A Scala library for describing retry-on-failure behavior using a concise, literate embedded DSL.
There are places in most modern software where small, intermittent errors can occur and disrupt the normal flow of execution. Traditionally, a retry loop is used in these situations, with constraints on the number of attempts that can be made and how certain errors are handled. A naive retry loop that would make up to three attempts, waiting 100 milliseconds between each attempt, could look like this:
def doSomethingUntilItWorks(): String = {
val maxAttempts = 3
val backoff = 100 millis
var attempts = 0
while (true) {
attempts += 1
try {
return doSomethingThatMightFail()
} catch {
case e: SomeImportantException =>
println("Interrupted by important exception: " + e.getMessage)
throw e
case NonFatal(e) =>
if (attempts >= maxAttempts) {
println("Aborting after too many attempts: " + e.getMessage)
throw e
}
println("Retrying after error: " + e.getMessage)
Thread.sleep(backoff toMillis)
case e =>
println("Interrupted by fatal exception: " + e.getMessage)
throw e
}
}
sys.error("unreachable")
}
Retry loops like the one above bring a number of issues with them:
-
They obscure the actual work that the program is trying to do (the lone call to
doSomethingThatMightFail()
above). -
They are convoluted and tend to contain more and more mutable state the more complex they get, making them hard to reason about and resistant to change.
-
They are difficult and tedious to test, possibly leading to undiscovered bugs in the code base.

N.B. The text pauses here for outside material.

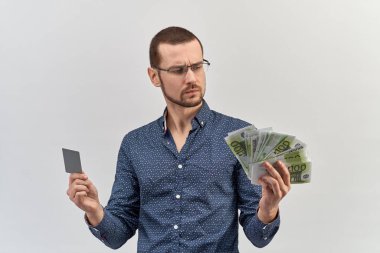 gözlük ve rahat gömlek w ile başarılı esmer genç adam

With the atmos library, a retry policy can be described using a minimalistic DSL, replacing unreadable retry loops with concise, descriptive text. The above example can be described using atmos like so:
import atmos.dsl._
implicit val retryPolicy = retryFor { 3 attempts } using constantBackoff { 100 millis } monitorWith System.out onError {
case _: SomeImportantException => stopRetrying
}
val result = retry() { doSomethingThatMightFail() }
In addition to making retry behavior easy to understand, atmos provides the ability to customize the strategies that control loop termination, backoff calculation, error handling and event monitoring, as well as supporting both synchronous and asynchronous styles of programming. See the user guide below for information about the wide array of customization options this library supports.
Prerequisites:
- Scala 2.10.x
The atmos library divides the definition of a retry policy into four parts:
-
Termination policies enforce an upper bound on the number of retry attempts that are made.
-
Backoff policies calculate the delay that is inserted before subsequent retry attempts.
-
Error classifiers define the strategy used to determine if an error prevents further attempts.
-
Event monitors are notified of events that occur while performing a retry operation.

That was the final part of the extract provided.